A few years ago, maybe ten, laser cutting businesses were rare and high tech and it seemed that fabricators were looking for excuses to give jobs to the very few which existed. Mostly as an experiment to find out what the new machines offered to their products. Now they are a little more numerous and the mystique less, well mystifying.
Similarly waterjet cutters are increasingly utilised when ten years ago only government in our technology park could afford to own one for experimental and prototype work. As private firms established their waterjets they complained at having to compete against the government owned machine and so the government body was forced to sell their machine.
If there is any point to this rant could I suggest that maybe 20 years ago when much of the capital machinery in use here was old and worn out business owners were forced to take a very serious look at the future of their enterprises.
With the many new pressures like metrication, standards, closer tolerances being demanded and new responsibilities of collecting indirect taxes for the government in the form of the Goods and Services tax business owners had to decide if they wanted to compete in this new much more competitive environment.
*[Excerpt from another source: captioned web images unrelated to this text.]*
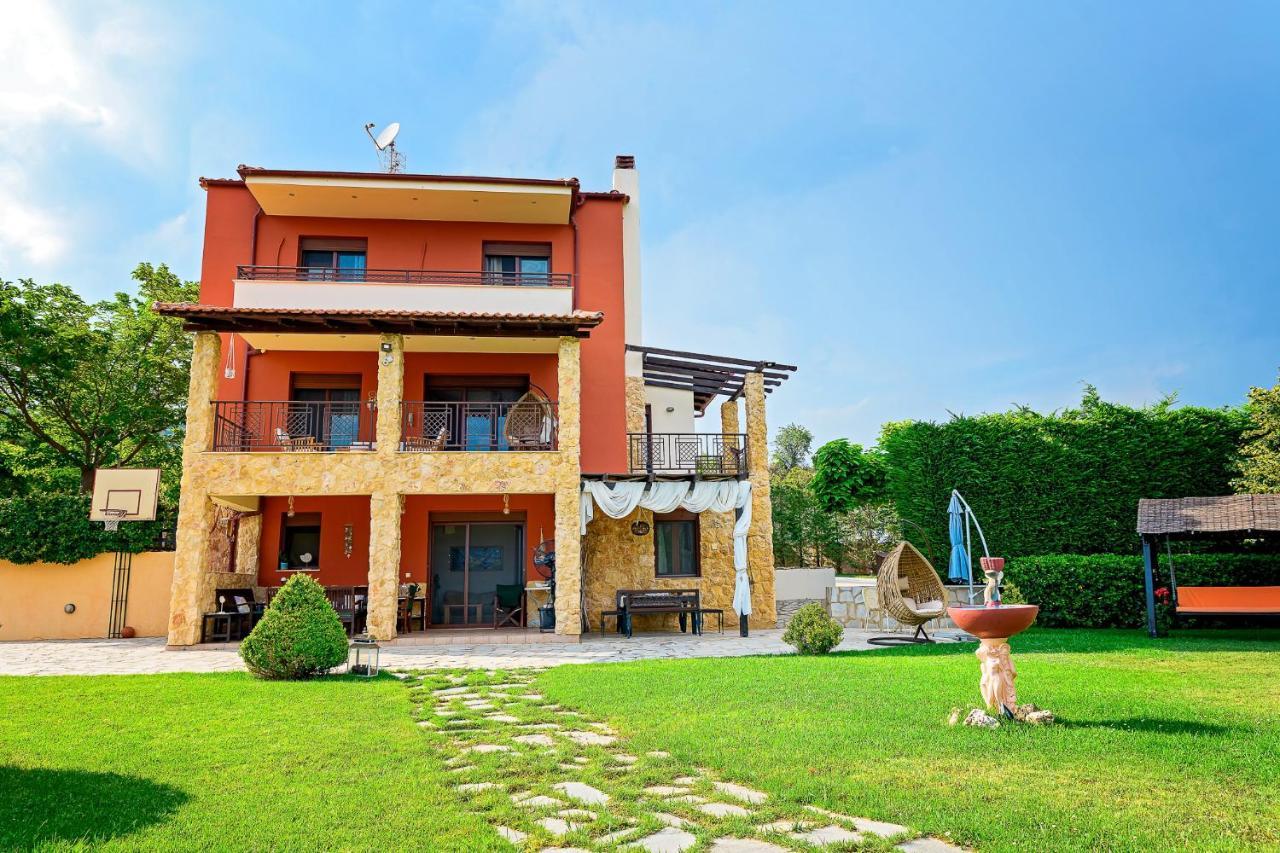 Villa Mariellie Néa Péramos Exteriér fotografie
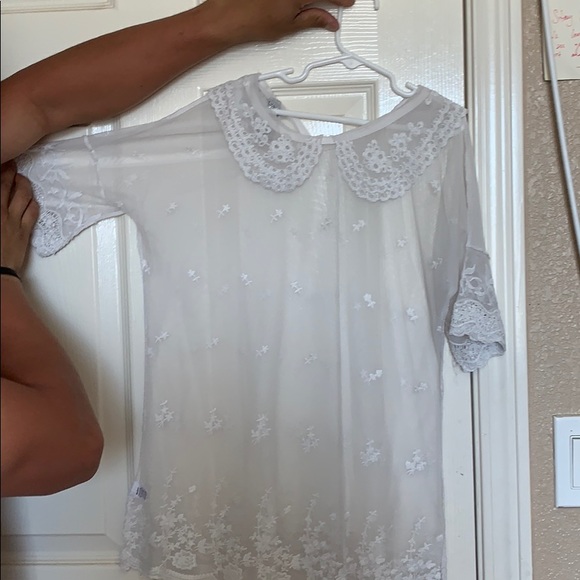 Lace see through shirt - Picture 2 of 2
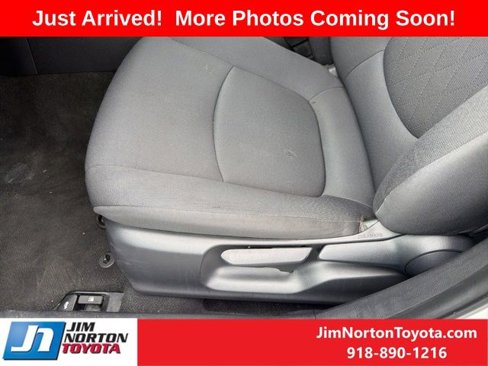 Used 2022 Toyota Corolla LE image 10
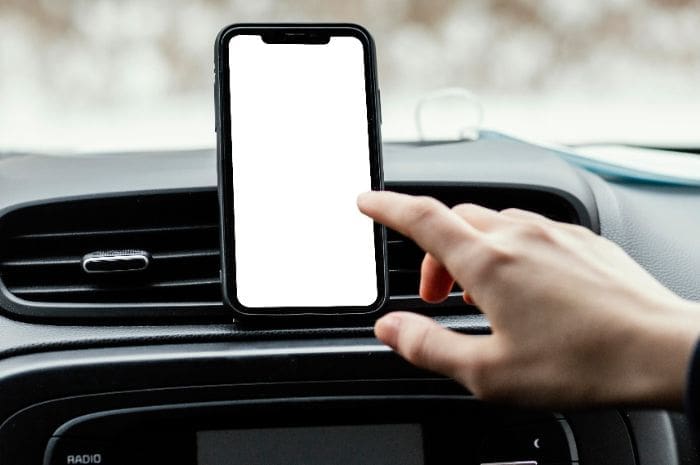 Ini 5 Trik Ampuh Biar HP Nggak Mati di Tengah Perjalanan Mudik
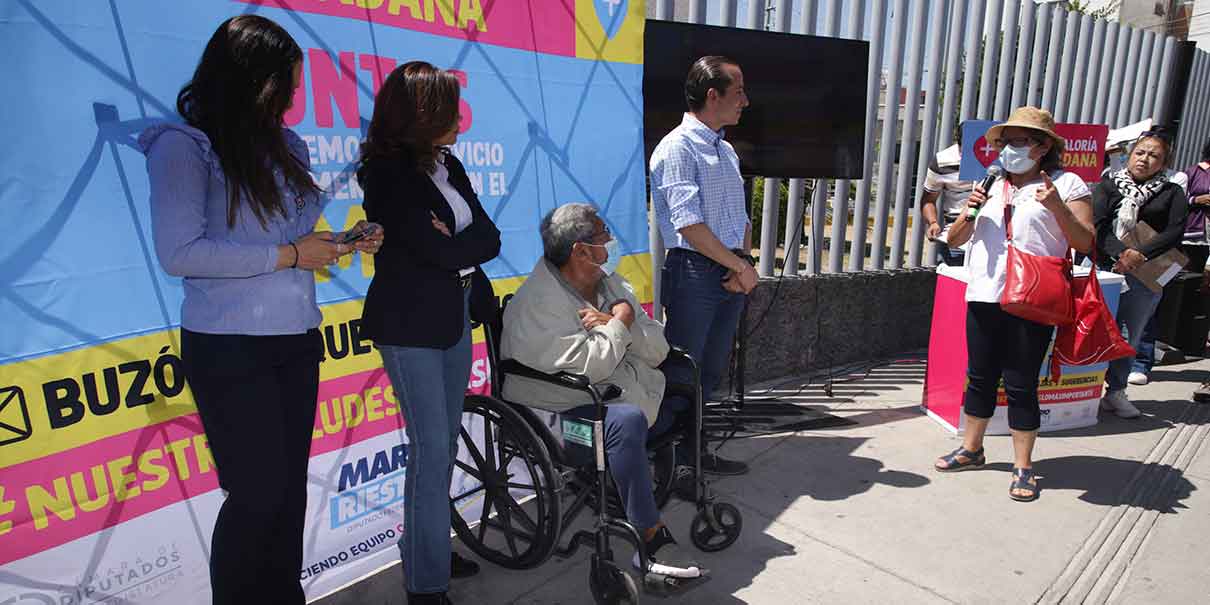 Quejas, observaciones y testimonios afuera del IMSS La Margarita serán presentadas a Zoé Robledo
Quite a number of business owners chose to retire while a few made a very significant commitment to new technology machine tools and being prepared to challenge the Asian juggernaut for a share of a shrinking local market.
If you think back ten or twenty years how may machinists would there be who were familiar with computer controlled anything. Okay NC machining was here and there but in the main still relied on punched tape programs.
So is there a question in this diatribe? One that occurs to me is do you all realise how far we have come in such a short time? Our fathers didn't have to cope with such a revolutionary change in the way their trade was performed or the skills they had to acquire. In my opinion many of the people participating in this forum have had to undergo an extreme learning curve with, I suspect, little help from their employers.
It's a very different thing to train new machinists in the new technology but quite another to introduce older employees who for decades performed tasks not much differently than the approach that their grandfathers adopted and while working in their trade had to upgrade their skills so significantly.
Are you coping with the demands of this new manufacturing environment or do you just want to give up and go fishing?